Im Prinzip haben Sie nur eine Wahl:

  • Wenn in Ihrem Leben alles super ist – und Sie im Status Quo einfach sitzen bleiben, verwandelt sich Ihr Paradies irgendwann von alleine in ein Tal der Tränen – oder etwas derber, dafür aber konkreter gesprochen: in einen Haufen Mist. Die Firma will Sie auf einmal loswerden. Ihr wichtigster Kunde kündigt und wechselt zum Wettbewerber. Ihrer vernachlässigten Beziehung geht die Glut verloren und Ihr Partner flieht in eine Affäre. Die Digitalisierung rationalisiert Ihren Arbeitsplatz weg. Veränderungen sind unaufhaltsam. Sie kommen. Auch zu Ihnen.

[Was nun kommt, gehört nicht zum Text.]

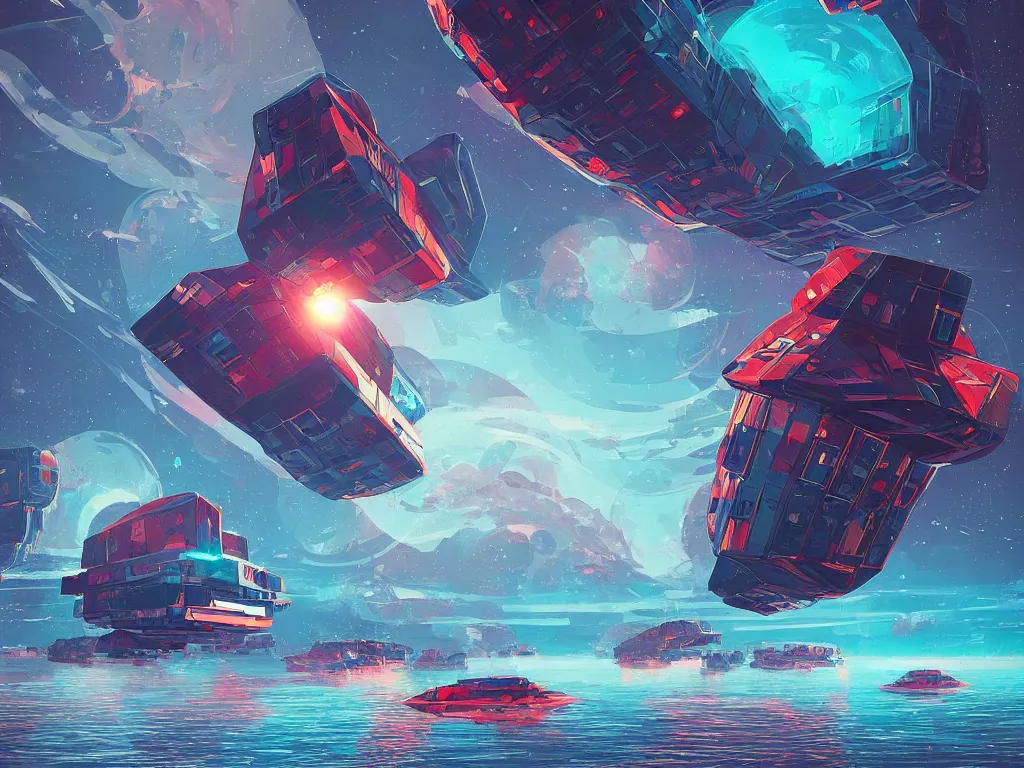 Image similar to floating asteroid mining colony by alena aenami, petros afshar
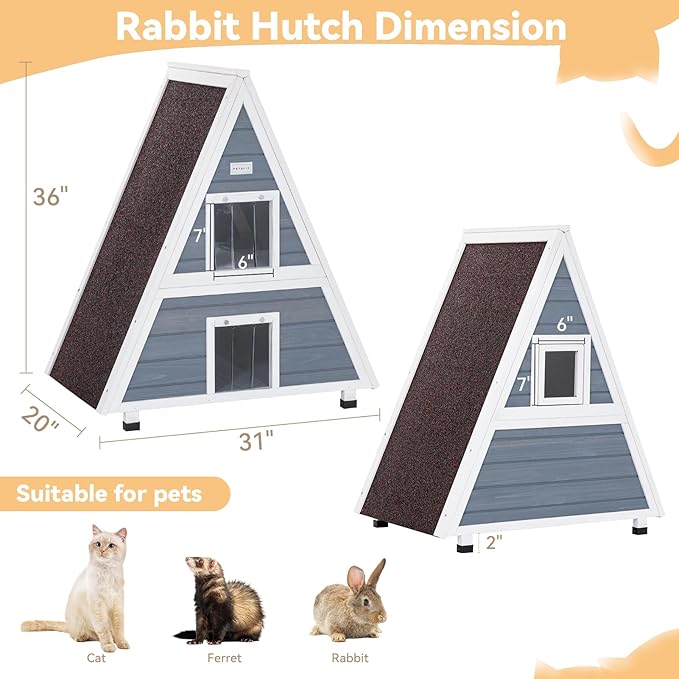 Petsfit Outdoor Cat House Weatherproof 31" Lx20 W x36 H, Two Level Outside Feral Cat House with Escape Door， Indoor Pet House for Small Animal Winter Grey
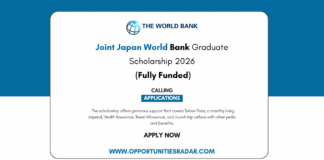 Joint Japan World Bank Graduate Scholarship 2026
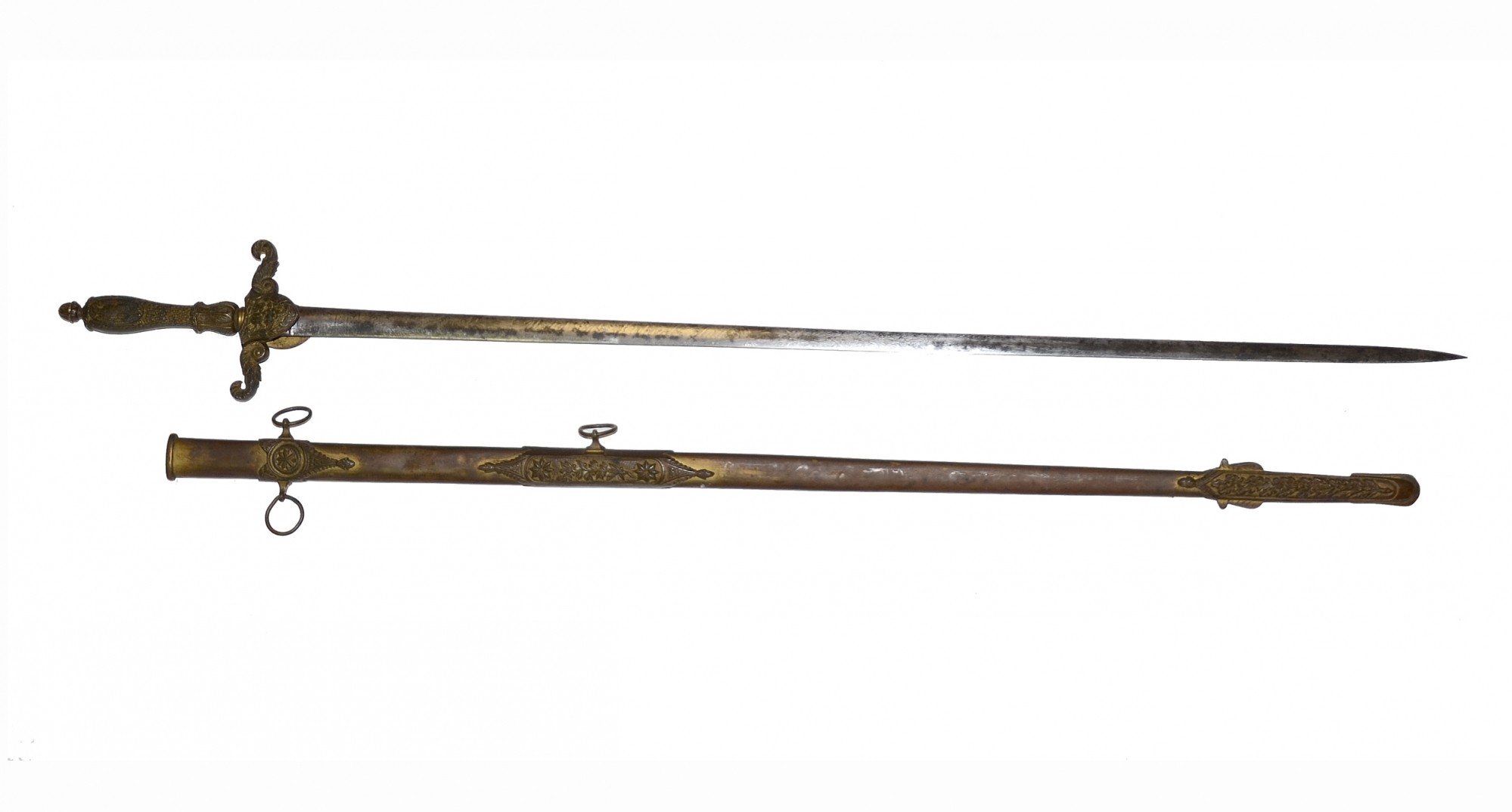 ORIGINAL, GETTYSBURG-RELATED, PRESENTATION MEDICAL OFFICER’S SWORD WITH MATCHING BRASS SCABBARD 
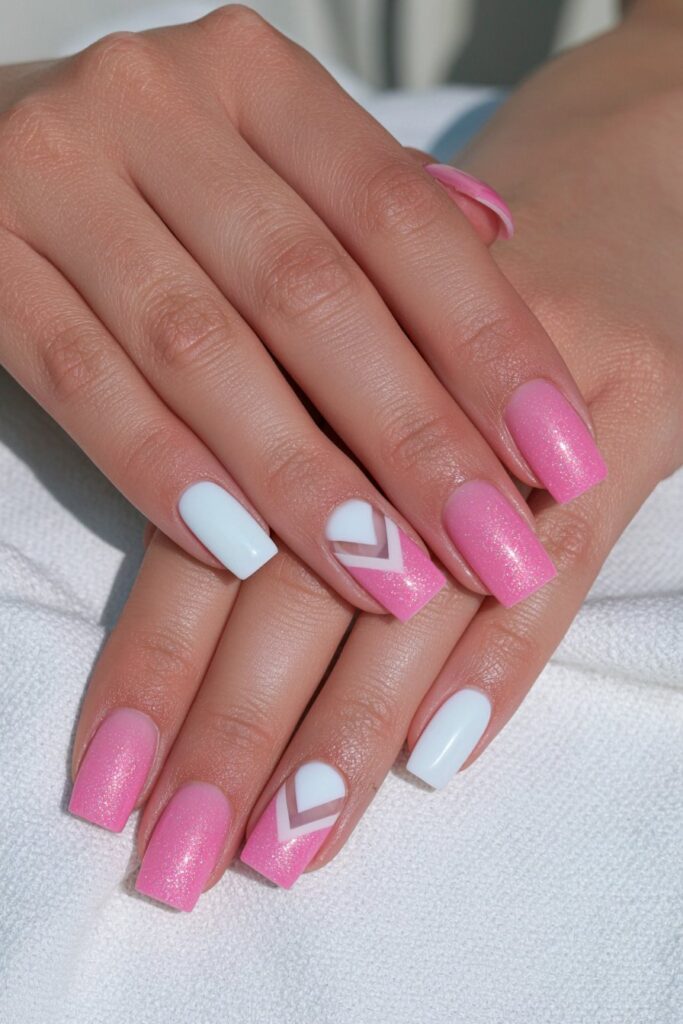Milky pink negative space nails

  • Wenn die Veränderungen schon zugeschlagen haben und Sie bereits im bildlichen Misthaufen sitzen, wo Sie alles ätzend und nervig finden oder es einfach nicht so läuft, wie Sie es gerne hätten, dann bleibt Ihnen nur der Aufbruch in die Veränderung. Doch der Weg zur Lösung führt Sie ins Ungewisse, wo jeder Schritt eine Veränderung, die unbekannte Folgen hat, bedeutet.

Kurzum: das Tal der Tränen gehört zum Lebensweg dazu. Also weichen Sie ihm nicht aus. Stellen Sie sich ihm!